Stop acting like someone is your only one when there are other people you’re interested in. Stop giving out false hope. Stop playing games with soft hearts.
Just because someone gives you free reign to hurt them doesn’t mean you should.
You might think it’s harmless to string two people along at once, but the more time you spend with them, the more attached they are going to get to you and the more they are going to ache when you choose one over the other.
You aren’t getting the best of both worlds by stringing two people along. You aren’t cheating the system. You aren’t some suave player. You are only doubling the amount of people you’re hurting. You are only putting people you supposedly care about through pain.
These hearts deserve more than half your interest, half your time, half your attention.
When you find yourself stringing along two people at the same time, you have to ask yourself whether you like them or whether you like the confidence boost they give you, whether you like the attention, whether you like being liked.
Think about it. If you genuinely cared about someone, why would you want to make them compete for you? Why would you want to torture them with new insecurities?
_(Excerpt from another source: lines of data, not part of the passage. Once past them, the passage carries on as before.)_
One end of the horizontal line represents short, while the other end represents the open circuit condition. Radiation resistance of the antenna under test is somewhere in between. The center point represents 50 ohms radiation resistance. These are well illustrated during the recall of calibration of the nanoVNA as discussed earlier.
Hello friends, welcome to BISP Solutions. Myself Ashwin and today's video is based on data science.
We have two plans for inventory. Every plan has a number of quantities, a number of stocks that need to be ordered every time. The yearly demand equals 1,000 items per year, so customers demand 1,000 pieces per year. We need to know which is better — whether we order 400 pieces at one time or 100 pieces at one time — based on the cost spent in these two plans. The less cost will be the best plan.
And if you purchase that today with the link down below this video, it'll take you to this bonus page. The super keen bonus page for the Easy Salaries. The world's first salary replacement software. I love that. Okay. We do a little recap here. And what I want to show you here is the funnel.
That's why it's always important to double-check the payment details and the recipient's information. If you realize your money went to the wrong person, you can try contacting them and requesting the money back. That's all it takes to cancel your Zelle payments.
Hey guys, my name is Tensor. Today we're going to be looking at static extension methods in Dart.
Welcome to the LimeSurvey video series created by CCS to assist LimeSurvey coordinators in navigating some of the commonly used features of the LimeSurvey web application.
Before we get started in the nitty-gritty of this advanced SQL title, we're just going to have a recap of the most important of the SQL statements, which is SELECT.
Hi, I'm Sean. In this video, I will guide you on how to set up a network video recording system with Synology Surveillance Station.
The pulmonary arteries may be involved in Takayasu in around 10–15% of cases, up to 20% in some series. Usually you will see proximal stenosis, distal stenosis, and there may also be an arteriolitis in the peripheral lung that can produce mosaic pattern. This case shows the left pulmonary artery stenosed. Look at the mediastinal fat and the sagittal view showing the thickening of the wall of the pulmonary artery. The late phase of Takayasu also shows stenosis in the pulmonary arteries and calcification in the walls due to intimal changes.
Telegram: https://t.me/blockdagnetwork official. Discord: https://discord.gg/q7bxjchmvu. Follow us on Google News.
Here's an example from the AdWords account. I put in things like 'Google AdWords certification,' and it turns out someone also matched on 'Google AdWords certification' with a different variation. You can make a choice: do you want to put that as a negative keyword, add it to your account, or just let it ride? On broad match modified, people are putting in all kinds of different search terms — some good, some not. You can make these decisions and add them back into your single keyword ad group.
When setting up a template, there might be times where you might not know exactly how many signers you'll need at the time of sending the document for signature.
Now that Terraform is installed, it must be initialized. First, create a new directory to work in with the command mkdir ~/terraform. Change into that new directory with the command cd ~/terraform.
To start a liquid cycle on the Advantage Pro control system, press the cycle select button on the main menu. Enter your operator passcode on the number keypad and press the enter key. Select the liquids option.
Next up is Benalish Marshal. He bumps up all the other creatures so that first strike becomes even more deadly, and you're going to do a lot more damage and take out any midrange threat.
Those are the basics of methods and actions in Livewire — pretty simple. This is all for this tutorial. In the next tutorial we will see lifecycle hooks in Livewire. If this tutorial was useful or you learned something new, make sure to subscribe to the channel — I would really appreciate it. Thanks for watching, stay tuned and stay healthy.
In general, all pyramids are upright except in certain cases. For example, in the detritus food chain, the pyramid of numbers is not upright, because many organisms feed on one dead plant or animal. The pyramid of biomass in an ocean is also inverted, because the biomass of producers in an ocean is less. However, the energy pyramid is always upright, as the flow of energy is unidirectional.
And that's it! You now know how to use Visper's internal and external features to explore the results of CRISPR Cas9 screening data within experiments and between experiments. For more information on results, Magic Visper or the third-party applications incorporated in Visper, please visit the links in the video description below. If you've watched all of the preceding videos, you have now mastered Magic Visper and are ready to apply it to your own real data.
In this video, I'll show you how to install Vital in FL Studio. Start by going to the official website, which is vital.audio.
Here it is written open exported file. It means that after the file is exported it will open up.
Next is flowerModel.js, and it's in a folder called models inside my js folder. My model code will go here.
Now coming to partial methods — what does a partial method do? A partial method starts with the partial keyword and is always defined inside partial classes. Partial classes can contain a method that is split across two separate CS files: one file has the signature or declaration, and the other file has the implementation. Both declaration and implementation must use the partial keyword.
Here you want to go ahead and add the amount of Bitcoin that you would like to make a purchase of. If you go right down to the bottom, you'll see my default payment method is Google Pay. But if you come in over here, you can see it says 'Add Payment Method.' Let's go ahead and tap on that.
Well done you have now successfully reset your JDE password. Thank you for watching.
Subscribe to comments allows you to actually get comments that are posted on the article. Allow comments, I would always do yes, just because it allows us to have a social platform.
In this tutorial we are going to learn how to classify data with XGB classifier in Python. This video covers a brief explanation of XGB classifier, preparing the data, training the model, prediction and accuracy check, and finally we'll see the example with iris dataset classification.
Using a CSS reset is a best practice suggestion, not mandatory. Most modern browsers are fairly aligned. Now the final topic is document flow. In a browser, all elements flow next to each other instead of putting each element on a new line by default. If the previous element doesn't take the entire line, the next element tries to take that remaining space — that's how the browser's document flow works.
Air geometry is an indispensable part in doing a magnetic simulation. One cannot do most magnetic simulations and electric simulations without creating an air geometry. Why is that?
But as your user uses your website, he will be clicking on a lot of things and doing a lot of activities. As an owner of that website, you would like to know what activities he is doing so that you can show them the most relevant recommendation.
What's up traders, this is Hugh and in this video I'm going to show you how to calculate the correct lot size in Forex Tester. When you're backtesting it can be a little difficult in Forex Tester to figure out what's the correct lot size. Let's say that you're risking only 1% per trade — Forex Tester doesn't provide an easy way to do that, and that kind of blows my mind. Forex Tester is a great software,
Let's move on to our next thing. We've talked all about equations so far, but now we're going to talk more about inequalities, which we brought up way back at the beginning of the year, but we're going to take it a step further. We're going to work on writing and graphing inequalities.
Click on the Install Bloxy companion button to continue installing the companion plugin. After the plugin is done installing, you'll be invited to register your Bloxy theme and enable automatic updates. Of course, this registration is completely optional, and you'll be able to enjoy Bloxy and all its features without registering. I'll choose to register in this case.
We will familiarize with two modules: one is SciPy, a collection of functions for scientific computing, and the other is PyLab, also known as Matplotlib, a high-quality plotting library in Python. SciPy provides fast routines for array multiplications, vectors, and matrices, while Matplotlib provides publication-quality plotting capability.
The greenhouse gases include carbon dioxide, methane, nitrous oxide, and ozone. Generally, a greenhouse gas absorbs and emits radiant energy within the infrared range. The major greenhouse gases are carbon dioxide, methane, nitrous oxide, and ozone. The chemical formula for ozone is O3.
Why would you want to put them through the pain of waiting for a text, waiting for a date, waiting for a relationship label?
If you’re having such a hard time choosing between two hearts, maybe neither one of them are right for you. Maybe you should let them go, let them heal, let them move forward without you.
Maybe they deserve better than someone who isn’t sure whether they are worth the trouble. Maybe they deserve someone who genuinely appreciates them. Maybe they deserve someone who takes one look at them and decides they are the one, not someone who takes months to figure it out.
If you’ve been listing out the pros and cons of each person because you’re not sure who you like better, then you shouldn’t be with either person. Stop stringing them along. Stop acting like you have all the time in the world to make a decision about who you want to date because technically you’re still single, technically you’re not cheating on either one of them, technically you have done nothing wrong and they don’t have a ‘right’ to be mad at you.
Just because they’re letting you get away with stringing them along doesn’t mean you should continue doing it. Just because they aren’t complaining doesn’t mean they aren’t hurting. Just because what they don’t know can’t hurt them doesn’t mean what you’re doing is okay.
You have to understand your actions have consequences. Your flirting might be harmless from your side — but that’s not the case from their side.
Stop stringing hearts along because they are more fragile than you think. You are going to break them both before you know it. You might even accidentally end up breaking your own.